Segment Start: ENTRIES SUPPLIED

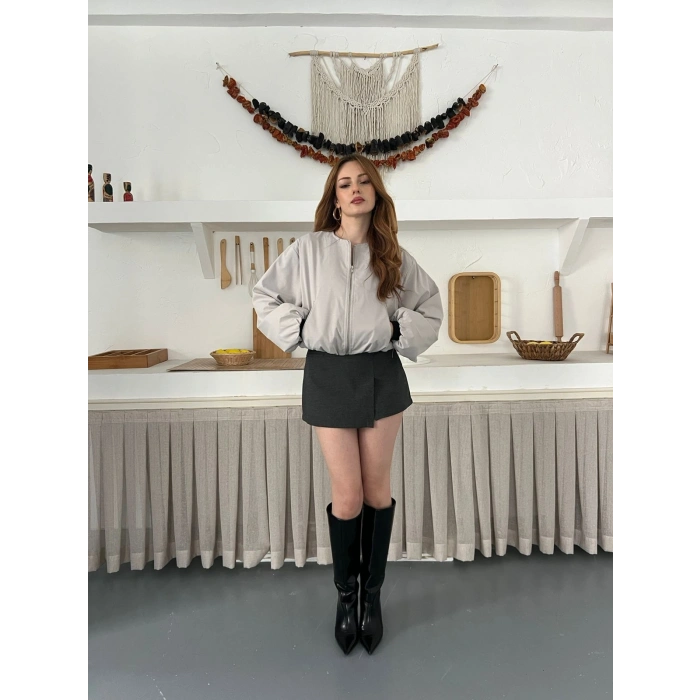 Hakim Yaka Fermuarlı Bomber Kaşe Ceket Taş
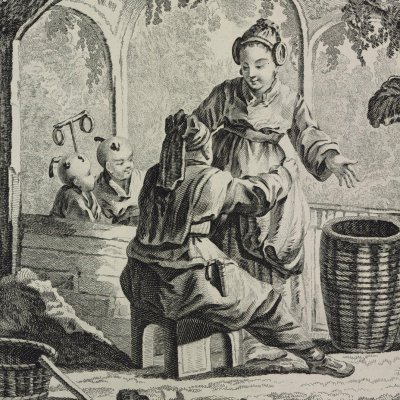 Un mari étreint sa femme enceinte devant leurs enfants (Chinoiseries, scènes de la vie conjugale) - Pillement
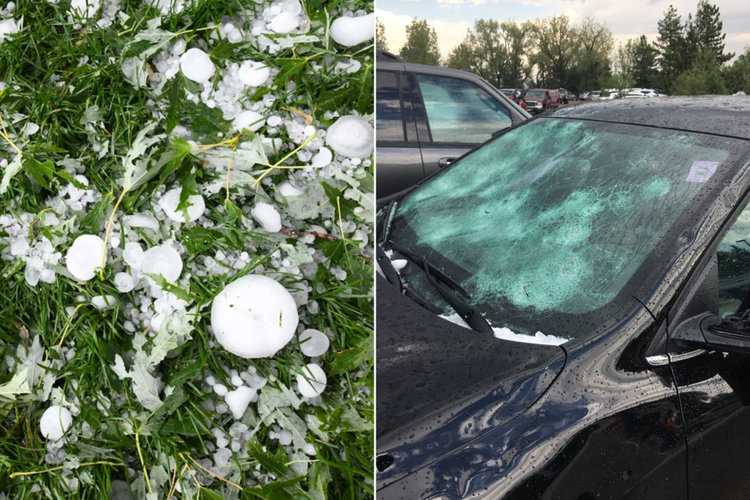 Гигантска градушка в Колорадо рани хора и помля над 400 коли (видео)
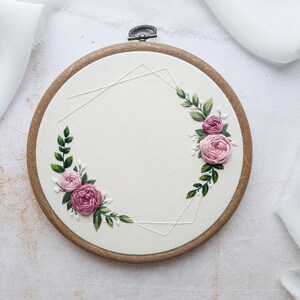 floral embroidery pattern, embroidery hoop design with roses, custom embroidery pattern, wedding anniversary diy gift, moder hoop pattern image 8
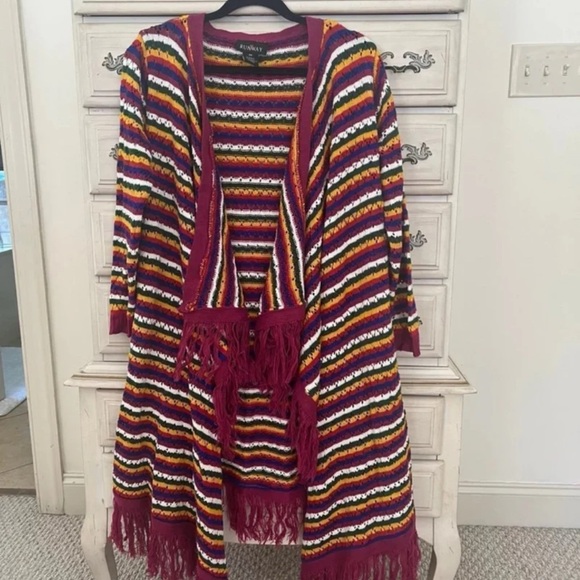 RUNWAY COLORFUL STRIPED FRINGE CARDIGAN PLUS SIZE 3X - Picture 2 of 6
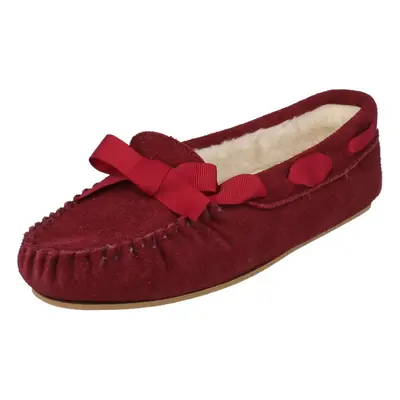 (UK 3, Raspberry (Red)) Ladies K's by Clarks Moccasin Slippers Wake Me - D Fit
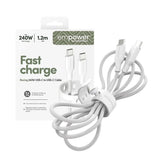 empower by PanzerGlass Racing 240W USB-C til USB-C Kabel – 1.2m – Silver White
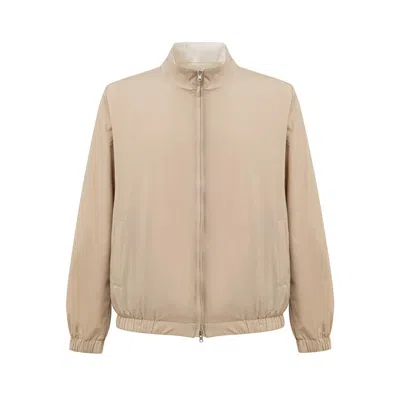 Gran Sasso Double Face Jacket In Beige And White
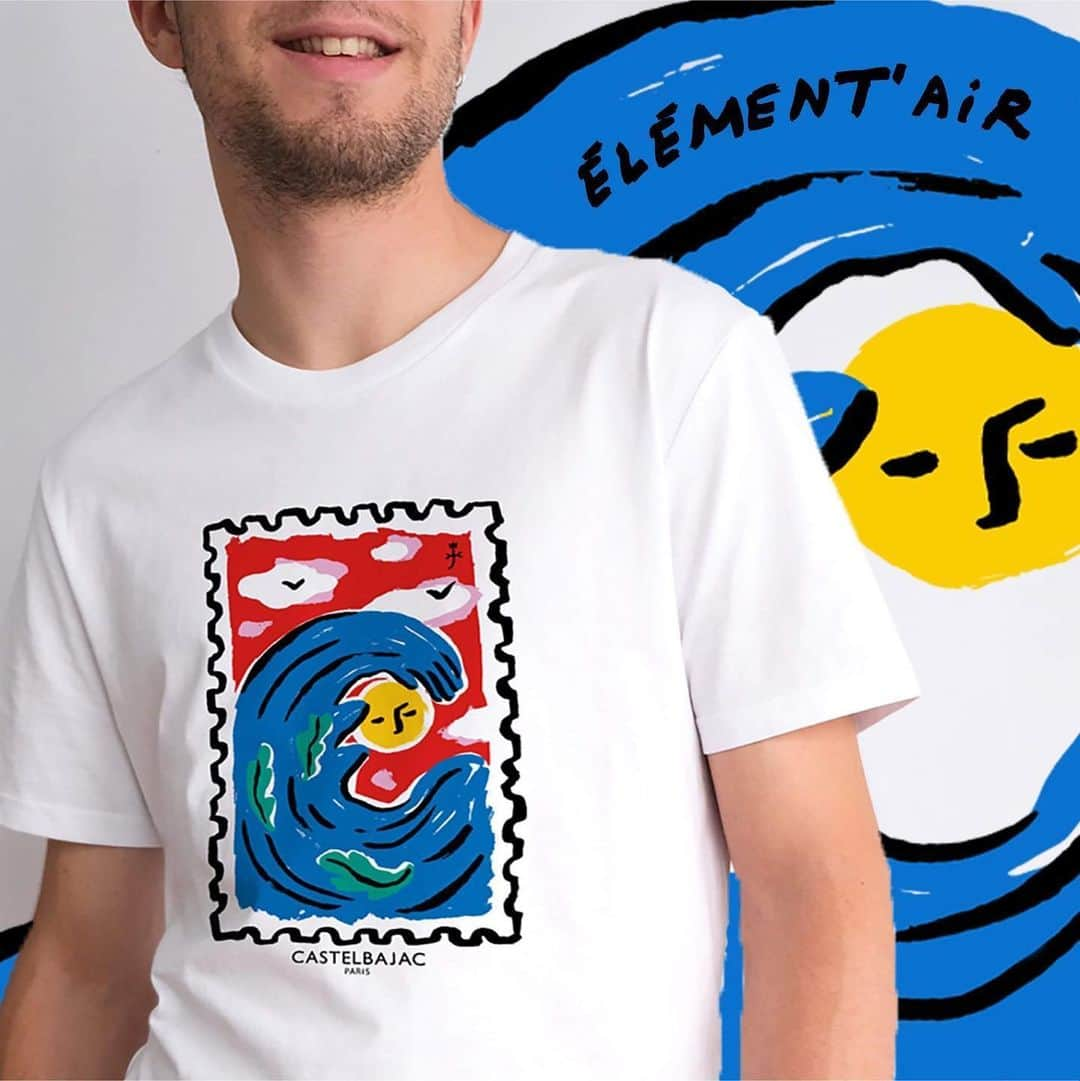 カステルバジャックのインスタグラム：「L’été est enfin arrivé, tous à l’Eau ! Pour l’occasion (re)découvrez notre Tee-shirt « EAU » de la capsule « Element’Air » !  Summer has finally arrived, to the water! For the occasion, (re)discover our "EAU" (Water) Tee-shirt from the "Element'Air" capsule!  #CASTELBAJACParis #ELEMENTAIR #tshirt #summer #summervibes #fun #joy #SpreadTheHappyCulture」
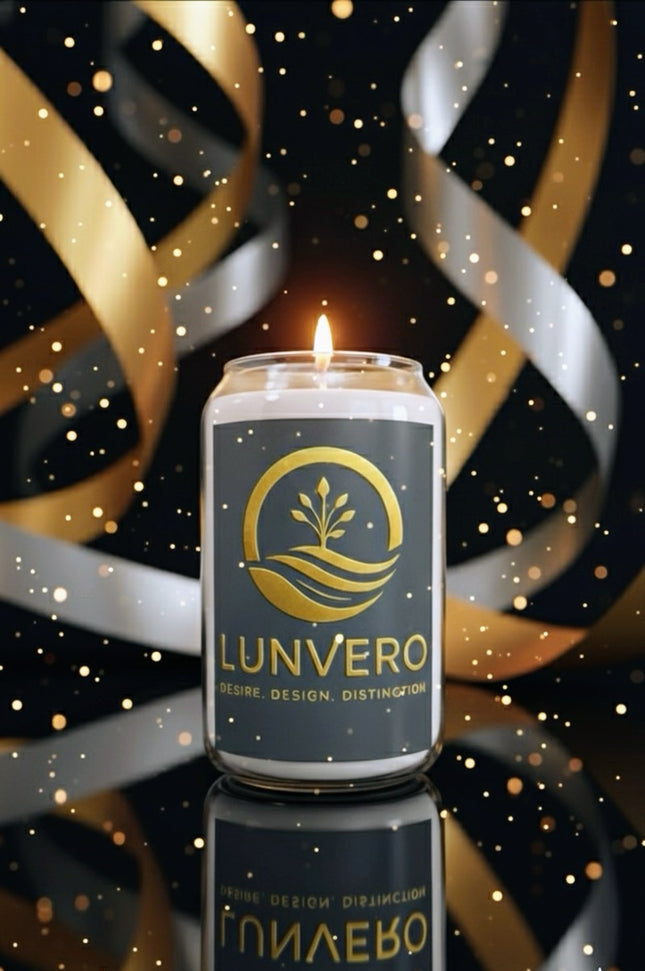 LUNVERO Signature 9oz Scented Candle | 60-Hour Luxury Soy Blend | Custom Label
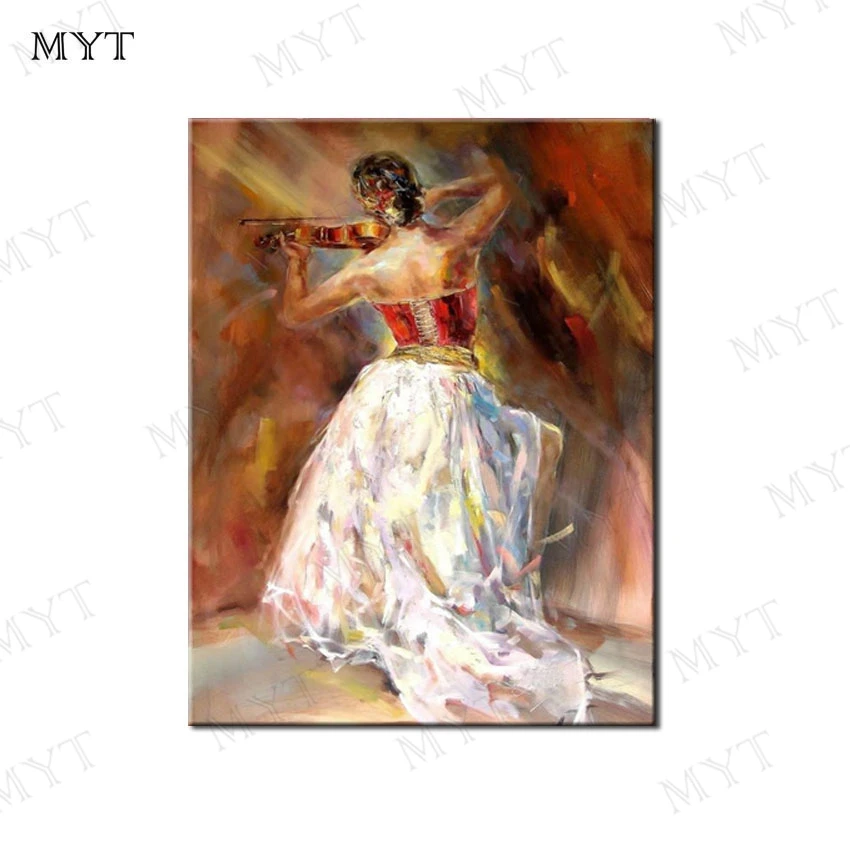 MYT Бесплатная доставка женщина играет скрипку Современная картина маслом на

Segment End: ENTRIES SUPPLIED

• **WORK ORDER**:
Write out word for word the lines above that run from the one with "floral embroidery pattern, embroidery" to the one with "(UK 3, Raspberry". Include both end lines; exclude the images.

• **REPLY**:
 floral embroidery pattern, embroidery hoop design with roses, custom embroidery pattern, wedding anniversary diy gift, moder hoop pattern image 8
 RUNWAY COLORFUL STRIPED FRINGE CARDIGAN PLUS SIZE 3X - Picture 2 of 6
 (UK 3, Raspberry (Red)) Ladies K's by Clarks Moccasin Slippers Wake Me - D Fit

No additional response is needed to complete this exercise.